◆ Work request ◆
Among the entries below, only the lines from the one with "Ohrringe Goldplättchen Und" through the one with "L'Oreal, Brow Stylist" are wanted, reproduced exactly. Pictures are not wanted.

◆ Data for the task ◆

== Segment start ==

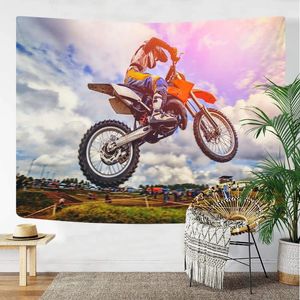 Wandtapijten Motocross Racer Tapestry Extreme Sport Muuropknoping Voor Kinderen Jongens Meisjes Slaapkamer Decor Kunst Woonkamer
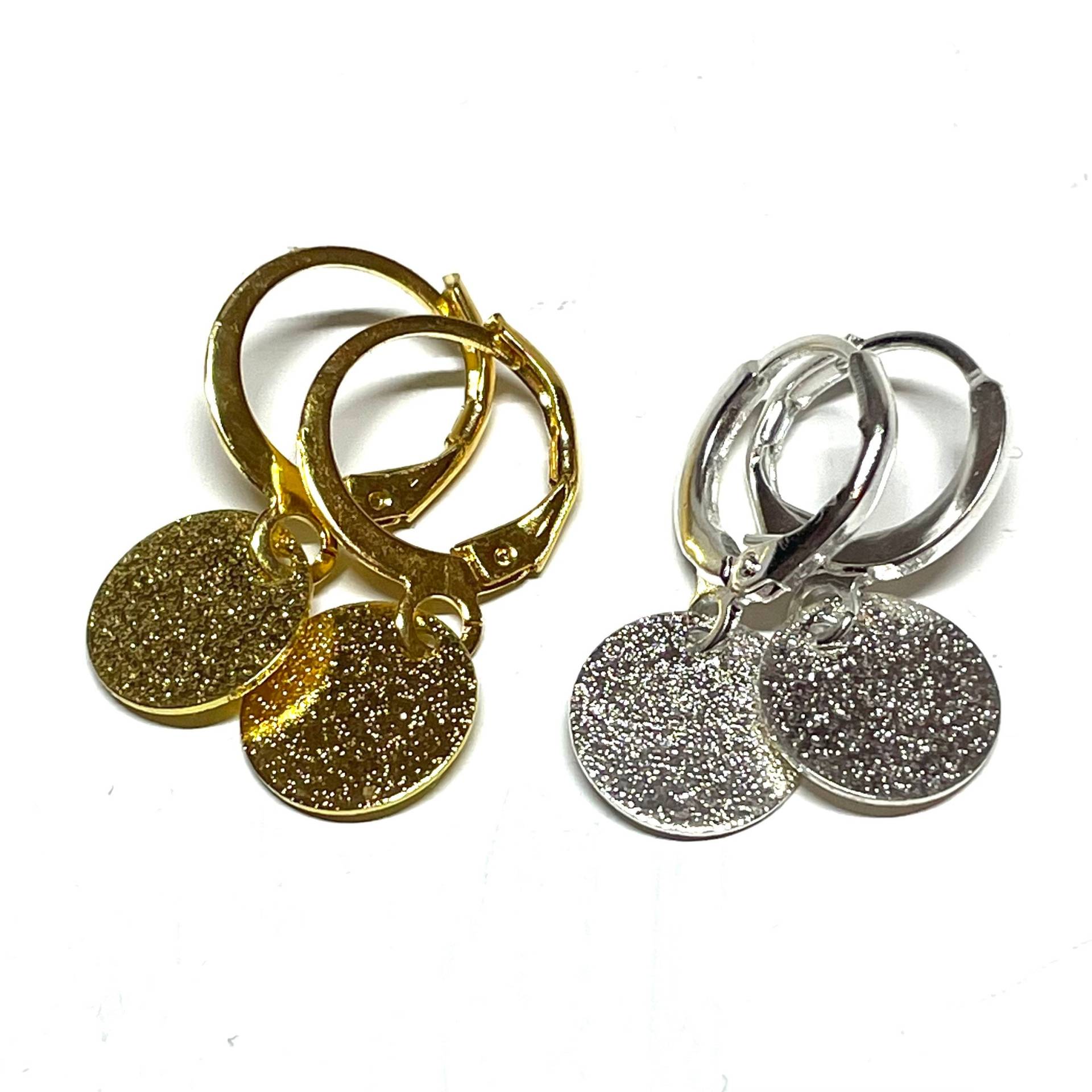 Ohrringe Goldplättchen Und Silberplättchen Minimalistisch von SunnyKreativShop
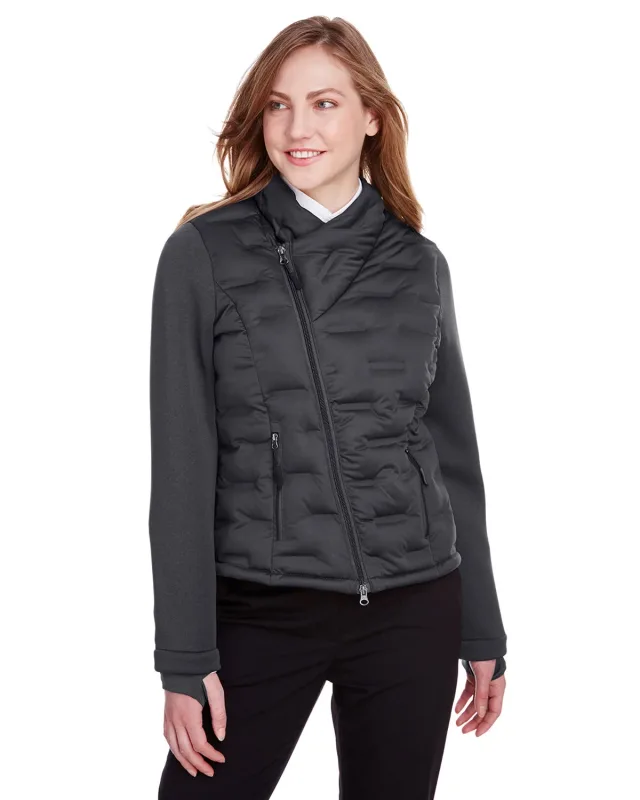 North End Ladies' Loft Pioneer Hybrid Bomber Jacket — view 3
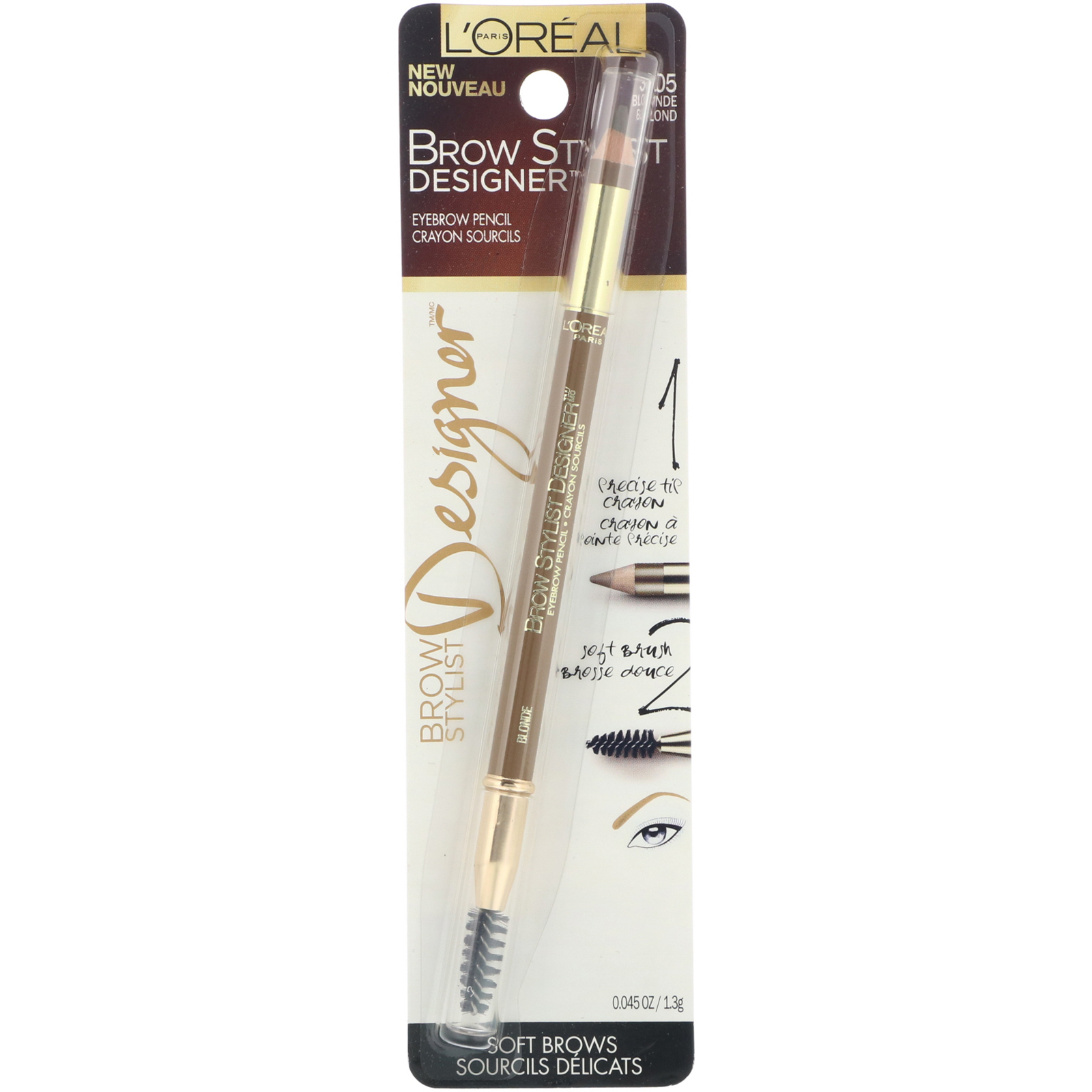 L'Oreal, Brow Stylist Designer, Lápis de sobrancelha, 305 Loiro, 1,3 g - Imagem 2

== Segment end ==
== Segment start ==

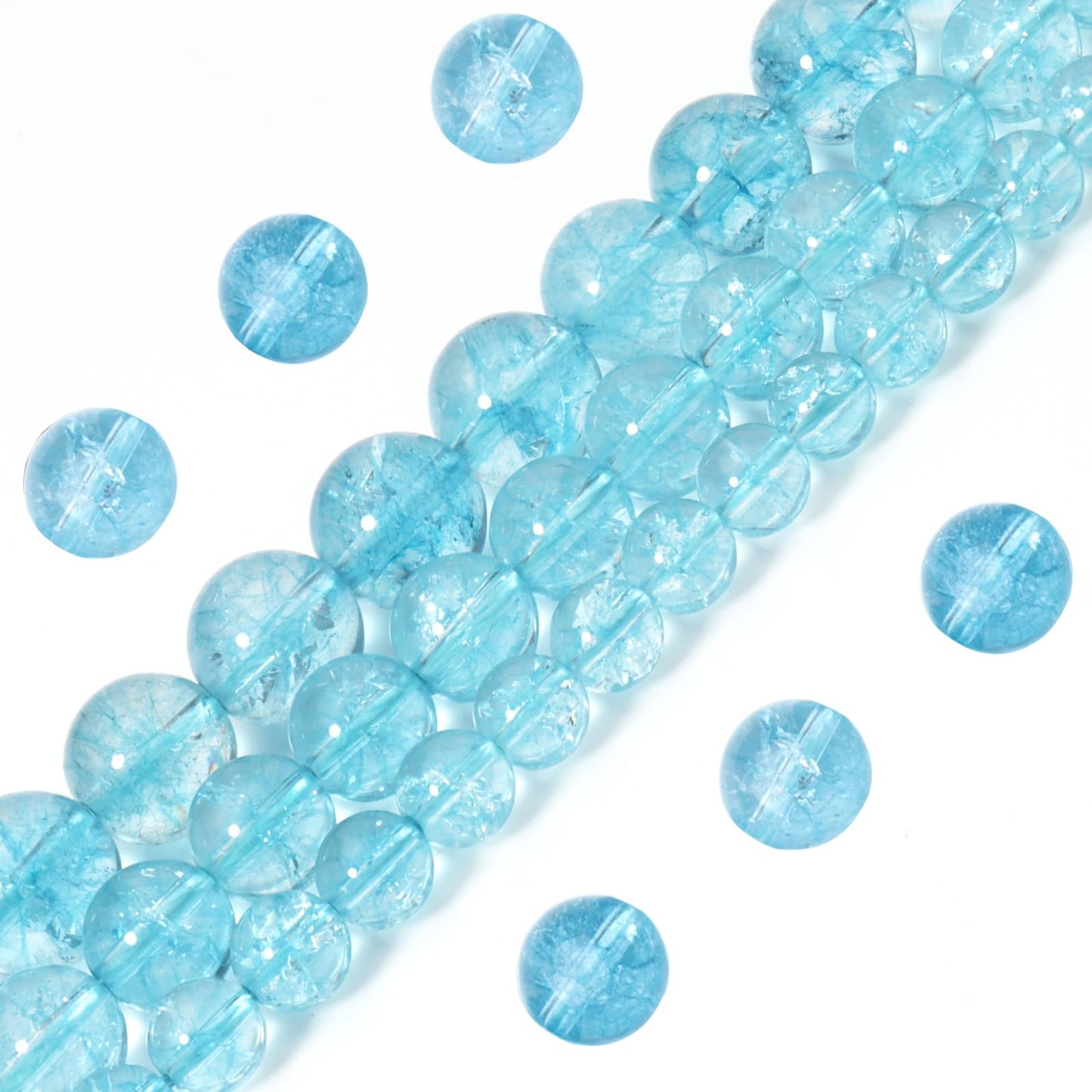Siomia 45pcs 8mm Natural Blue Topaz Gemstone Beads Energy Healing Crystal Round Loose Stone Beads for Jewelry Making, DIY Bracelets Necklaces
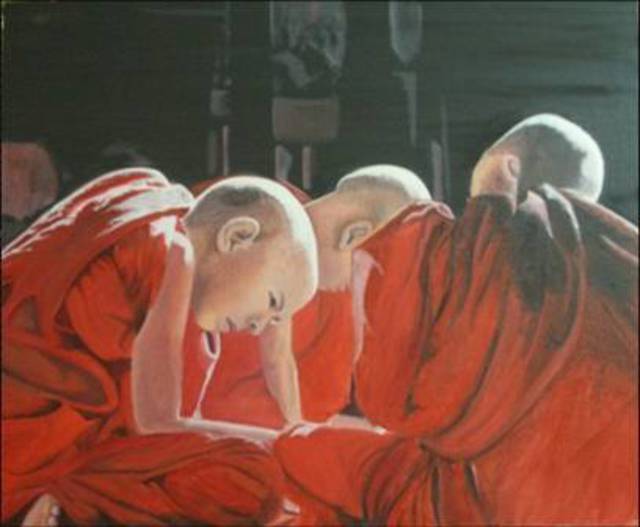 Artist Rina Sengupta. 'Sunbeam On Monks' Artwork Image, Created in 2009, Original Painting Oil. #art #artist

== Segment end ==

◆ Task output ◆
 Ohrringe Goldplättchen Und Silberplättchen Minimalistisch von SunnyKreativShop
 North End Ladies' Loft Pioneer Hybrid Bomber Jacket — view 3
 L'Oreal, Brow Stylist Designer, Lápis de sobrancelha, 305 Loiro, 1,3 g - Imagem 2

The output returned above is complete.